Tulus – Evil 1999 – Review


Evil 1999 (Hammerheart)
by Paul Lee

I love getting black metal that’s sung in Norwegian. The lyrics could be completely inane, but I wouldn’t know it and I’m not about to buy a Norwegian dictionary, so I can focus on the music at hand. Tulus are obviously proud of their Nordic heritage and play raw, classic black metal with plenty of traditional metal influences. Their sound ranges from Mayhem to Satyricon to Darkthrone and even some Helmet, for Christ’s sakes!

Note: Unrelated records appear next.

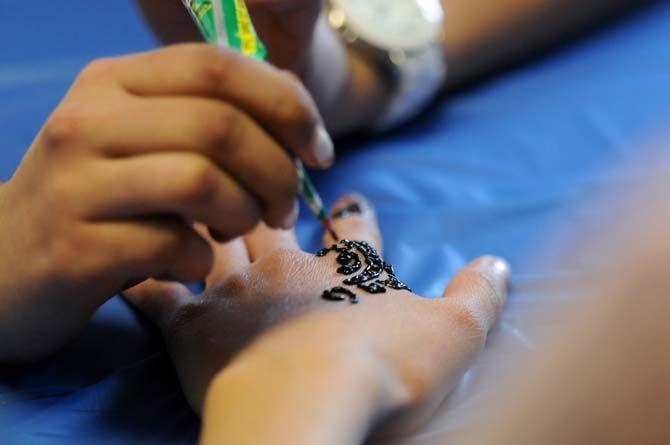 The first Islamic Awareness Day event hosted by the Muslim Student Association offered activities like turban wrapping, calligraphy, and henna on Thursday, March 19, 2015 at the International Culture Center.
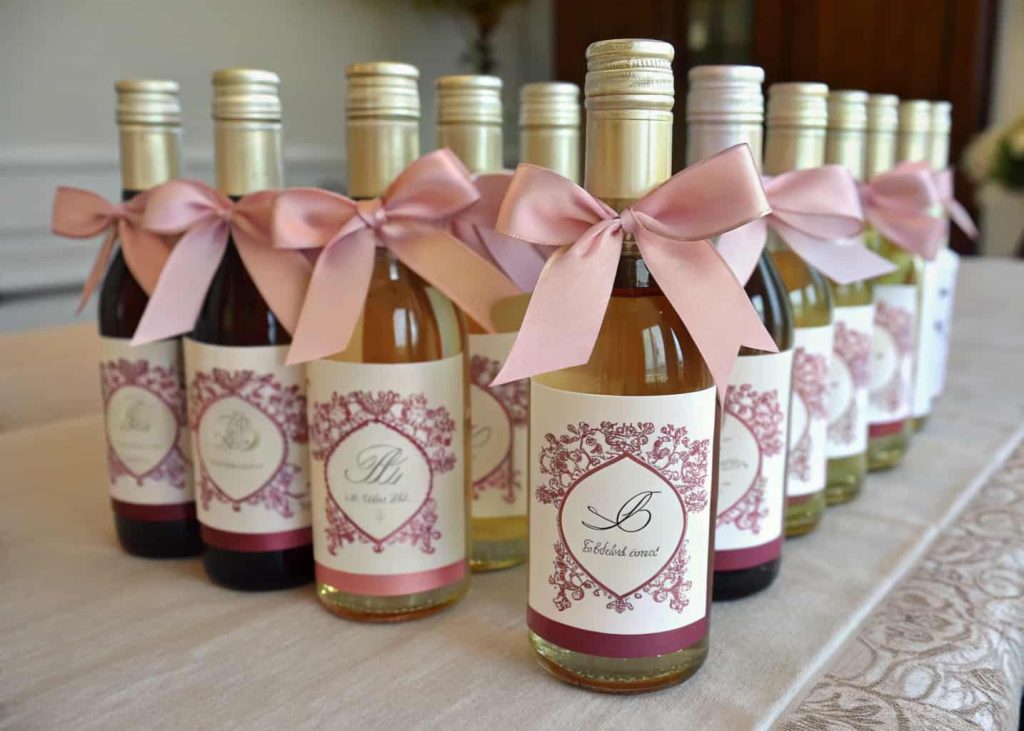 “Mini wine bottles with custom labels and decorative ribbons as party favors.”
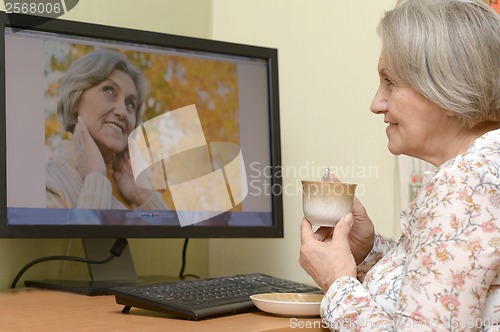 Image of Mature woman relaxing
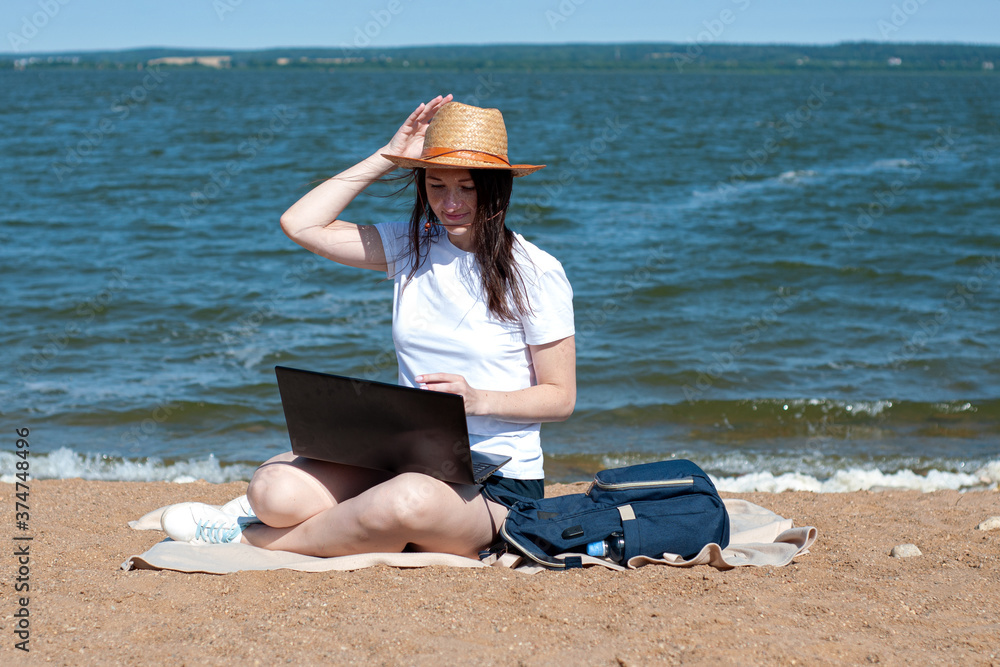 Young woman using laptop computer on sunbed on a beach. Freelance work concept, Freelancer outside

Also mixed into their stew are classic thrash and death metal flavors.

In their other incarnation, Tulus are the hired axes for fellow Norwegian Galder and his killer band, Old Man’s Child. Certainly Galder’s influence is felt on Evil 1999, but what makes Tulus so kick-ass is that they meld their influences by adding some novel twists. The bass player takes a very prominent part in the sound with a Helmet-like thud in the crunch of “Draug,” which also breaks down into a mellow, almost bluesy section. I love the guitar, drums, and keys in black metal, but thank God a bass player is getting to show his meddle in the metal. The song “Sjel” starts off with an almost jazzy riff, and pace that again smacks of Helmet. I’ve never heard a black metal track like it.

Dissecting the elements of Tulus’ excellence is hard, but it must be their unique approach and pure passion for black metal that elevates them to a higher plane. Evil 1999 is, by far, one of the most deadly releases to come out of Norway this year, and one of my favorites. According to the bio, Tulus has released another CD on Hot Records (owned by one of the guys in Dimmu Borgir). You must have this disc if you truly hunger for black or any sort of European dark metal.